(No, not the album by Spock’s Beard.)
Imagine this situation. You are in a somewhat old-school MMO. You are running and meeting someone else on the road. Let’s say you’re a priest or mage in WoW and meet someone in the Barrens, or a shaman in EQ and meet someone in Karana. What do you do? (PVPers who answers with “I stealth and gank them” may stop reading now). To me, the most natural thing, even before thinking of a /wave or anything, would be to target them and hit my buff button. Fortitude, Arcane Intellect, Spirit of Wolf.
I loved doing that. Just randomly be kind to other players, help them out a bit. It made the other happy, sometimes you got a “thank you”. Every now and then, it even sparked a conversation. I only realized how much I liked buffing people randomly after the ability to do so went out of fashion. Ask yourself: what was the last game you played that allowed you to buff random people on the drive-by? I thought about the games I played in the last couple of years. LotRO? Nope. EQ2? Nope. Rift? Don’t think so. TSW? Nope. EVE? Muahaha… hahaha… *gasp*… sorry. Kind to strangers? That was a trick question, of course. Vanguard? Ok, you got me there, Vanguard lets you buff strangers. But the way this game promotes the old-school vibe, it only reinforces my impression that this is something that MMOs have phased out.

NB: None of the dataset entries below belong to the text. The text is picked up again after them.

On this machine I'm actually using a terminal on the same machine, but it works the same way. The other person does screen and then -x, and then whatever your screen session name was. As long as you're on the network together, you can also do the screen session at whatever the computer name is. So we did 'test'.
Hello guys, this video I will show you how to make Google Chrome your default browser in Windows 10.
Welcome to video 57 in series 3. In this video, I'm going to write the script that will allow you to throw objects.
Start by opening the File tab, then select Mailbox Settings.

Why do games not allow me to be kind to strangers in that way any more? OK, so there might be ways to exploit this to grief people. But you have to look really hard and really close, and even then, I can’t think of anything but rare cases. The only one I can come up with was the ever-so-popular “Zeppelin Fortitude Splat” (a name I just invented) in WoW. I’ll segue for a second, just because the thing makes me smile even now.
So, Undercity and Orgrimmar were (and still are, I think) connected by a Zeppelin line. When you arrived, you could jump off before it moored, and save some time. You’d take falling damage, sure. Lots of falling damage (easily 90% of your health). But you didn’t die, because it was always a percentage of your maximum health (unless you jumped off too early and straight up died from the fall). Fortitude, on the other hand, increased your maximum health. It didn’t increase your current health, though. So let’s say your “victim” had 1000 maximum health before buffing. Fortitude increased that to 1200 maximum health, but the current health was still 1000, slowly regenerating. Buffing someone right when they jumped off… Well, 90% of 1200 is more than 1000… I’m guilty of doing that a couple of times. I always offered a rez afterwards though, and apologized.

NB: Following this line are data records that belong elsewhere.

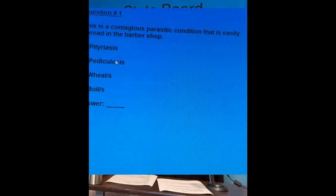Question number one — I will be reading these questions because they are directly from the current barber exam. Question number one: this is a contagious parasitic condition that is easily spread in the barbershop. Answer A: pedicuriais. Answer B: pediculosis. Answer C: wheal. Answer D: boil. The correct answer is answer B, pediculosis.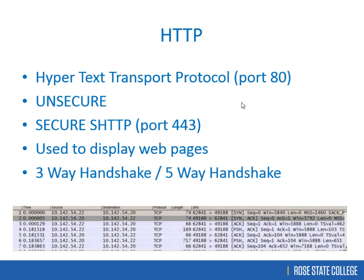The TCP three-way handshake: first I send a SYN — a synchronization request — to Roy, saying I want to talk. He replies with SYN-ACK, acknowledging my request and sending his own SYN. Then I acknowledge his SYN with an ACK. That three-way handshake is how a TCP connection is established. There's also a five-way handshake used for HTTPS.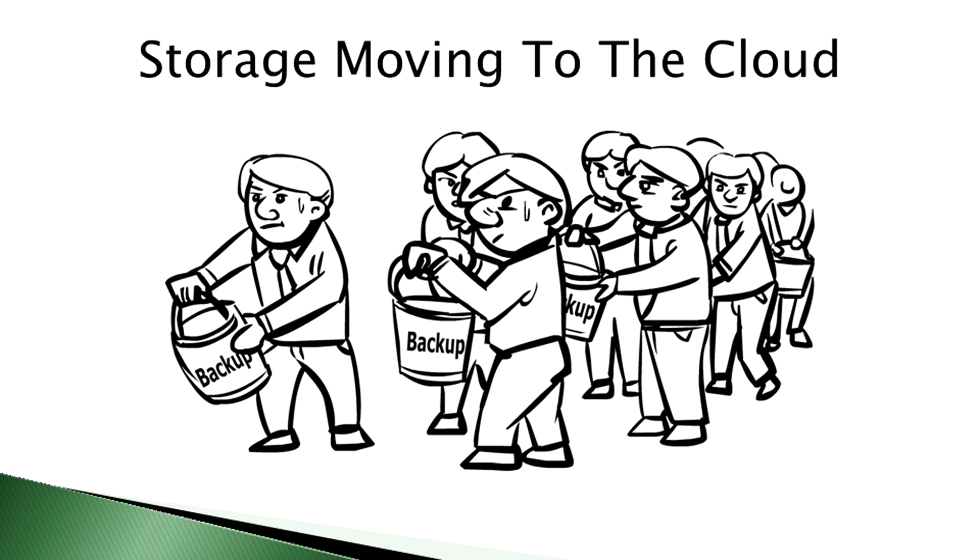If given the choice of only being able to move one application to the cloud, 25% of IT managers would choose storage.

Anyway, I digress. So, why did games stop doing that? These days, buffs area almost always group-only, so you have to form a group with people before you can buff them. Which kind of works ass-backwards considering so many games try to lower the barrier to interaction by doing informal grouping with transient groups, or with kill-sharing without joining any group at all. What are developers afraid of that they took those tools away from players? Are they worried about balance? That people will either be way too powerful with buffs, or not powerful enough without them to progress in the game? That doesn’t make sense to me, because in-the-world events are typically not carefully balanced anyway. The only serious balancing seems to be done to group and raid dungeons, and if the buffs are group-only, you still have them there.

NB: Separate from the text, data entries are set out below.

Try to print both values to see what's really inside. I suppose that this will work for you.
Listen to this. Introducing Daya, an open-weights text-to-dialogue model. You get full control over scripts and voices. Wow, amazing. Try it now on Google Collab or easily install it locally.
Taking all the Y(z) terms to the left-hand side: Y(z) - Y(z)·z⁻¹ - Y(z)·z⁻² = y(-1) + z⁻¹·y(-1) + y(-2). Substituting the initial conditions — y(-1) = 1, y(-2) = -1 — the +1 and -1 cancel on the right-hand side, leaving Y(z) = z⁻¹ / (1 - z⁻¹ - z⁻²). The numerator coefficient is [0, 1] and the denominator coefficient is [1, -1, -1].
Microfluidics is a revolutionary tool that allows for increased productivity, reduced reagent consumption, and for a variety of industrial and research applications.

Are they worried most people might not be able to manage buffs properly? That they forget to renew buffs, buff new group members, forget to buff altogether? In that case, the developers at least chose an effective solution. These days, most buffs I can think of are fire-and-forget. Like an aura, they apply to yourself, are eternally in effect until cancelled (sometimes even persist through death), and automatically apply to your group members as long as they stay in your group. On the other hand, that also makes such buffs immensely boring. It takes away the gratification you get from buffing someone and see health, run speed, or whatever, increase. Would anybody design all damage spells to be auras that automatically apply to close enemies, without any interaction? Of course not, that would be silly! So why are buffs treated that way?